L'originalité de ce modèle pédagogique
réside en effet, dans l'acception de vérités toutes faites
; en d'autres termes, elle « est une lente conquête, arrachée
à la banalité première. »31 L'enfant est
entrainé par des idées toutes faites et c'est plus tard qu'il
pourra avoir son point de vue, un style personnel, propre à lui. Le
modèle traditionnel d'enseignement devient inadapté lorsque ses
modèles ne suscitent pas d'intérêt, joie et enthousiasme de
la part des élèves et des maîtres.
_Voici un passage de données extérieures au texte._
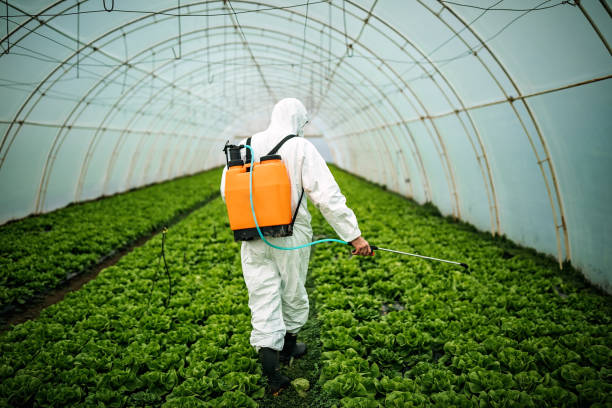 Professional Pest Control in North East, MD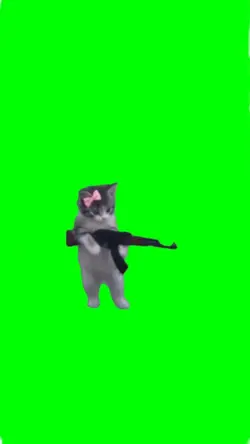 war cat meme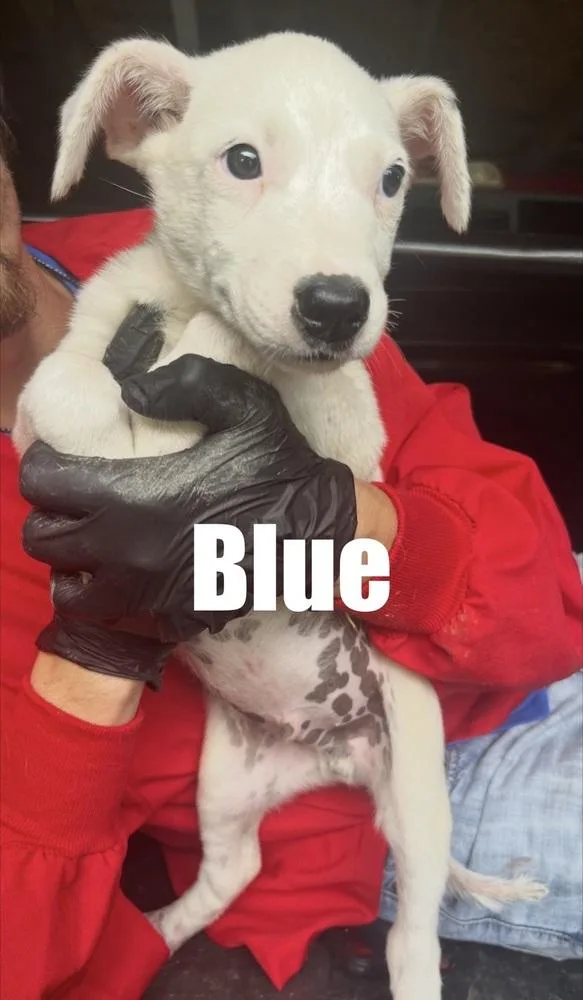 Blue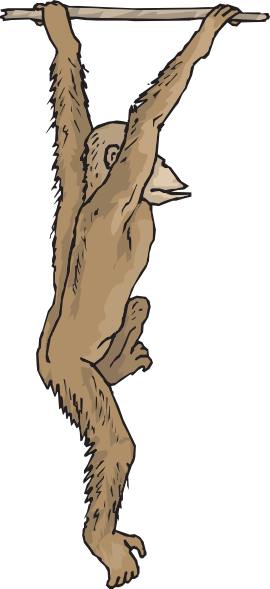 270x589 Hanging Chimp Clip Art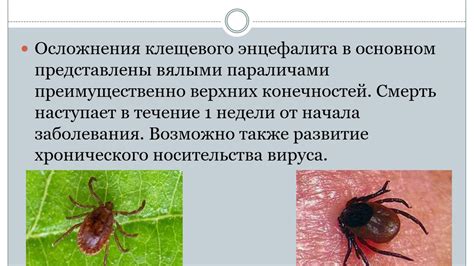 Профилактика клещевого укуса: секреты использования хозяйственного мыла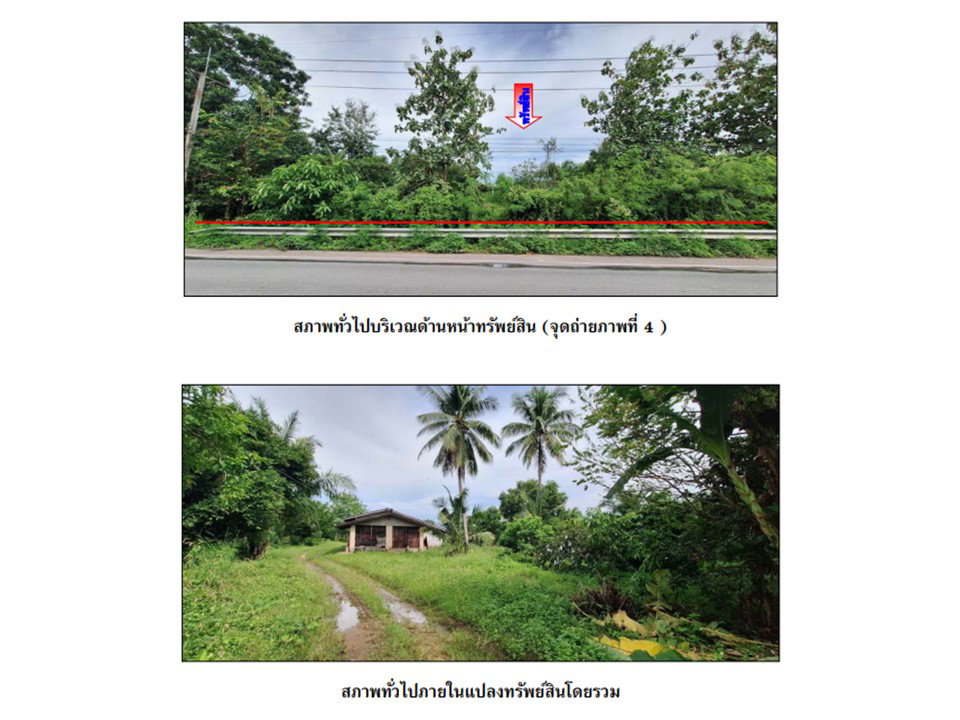 picture LAND 9439 Sq.w. Cha-uat Nakhon Sri Thammarat for 16.5M - 3/4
Ce n'est pas que les
méthodes sont aussi mauvaises qu'on le pense, mais le véritable
problème réside sur le contenu. Même si l'on change les
méthodes, cela ne résout nullement le problème du contenu,
car ça sera les mêmes réalités
présentées de manière différente. Inadaptation,
perte d'identité et de repère, absence de déterminisme et
de moyen pour parvenir au bout de ses exigences, scepticisme, crainte,
incapacité à trouver les oeuvres et sujets qui répondent
aux attentes, aux besoins des élèves et aux mutations culturels,
interculturel de notre environnement ; voilà ce qui caractérise
aujourd'hui l'éducation traditionnelle. Par conséquent, les
pouvoirs se méfient de l'éducation traditionnel et orientent les
maîtres vers la pédagogie nouvelle. Ces derniers à leur
tour se laissent persuader que l'enseignement traditionnel constitue un terrain
stérile et qu'il n'y a rien à chercher de ce
côté-là, en faisant des emprunts timides et contradictoire
à l'éducation nouvelle. Or, l'éducation traditionnelle
bien que passive et théorique n'est pas totalement dépourvue de
sens, Dewey, bien que pragmatiste n'annihilera pas cette approche, mais donnera
encore plus de signification à l'expérience, l'unicité de
l'enfant et la liberté dans l'apprentissage. Va-t-il rompre totalement
avec les méthodes traditionnelles ou s'inscrira dans une logique de
continuité ou de dépassement ? L'éducation progressive
qu'il nous propose peut-elle apporter les réponses auxquelles
l'éducation traditionnelle n'a pas pu répondre ? Nous pensons
être à même de répondre à ces interrogations
après avoir parcouru la pensée pédagogique de John
Dewey.
30 Jean-Jacques Rousseau, Op.
Cit., p.99.
31 Georges Snyders,
Pédagogie progressiste : éducation traditionnelle et
éducation nouvelle, Paris, P.U.F, 1975, 3e éd., p.18.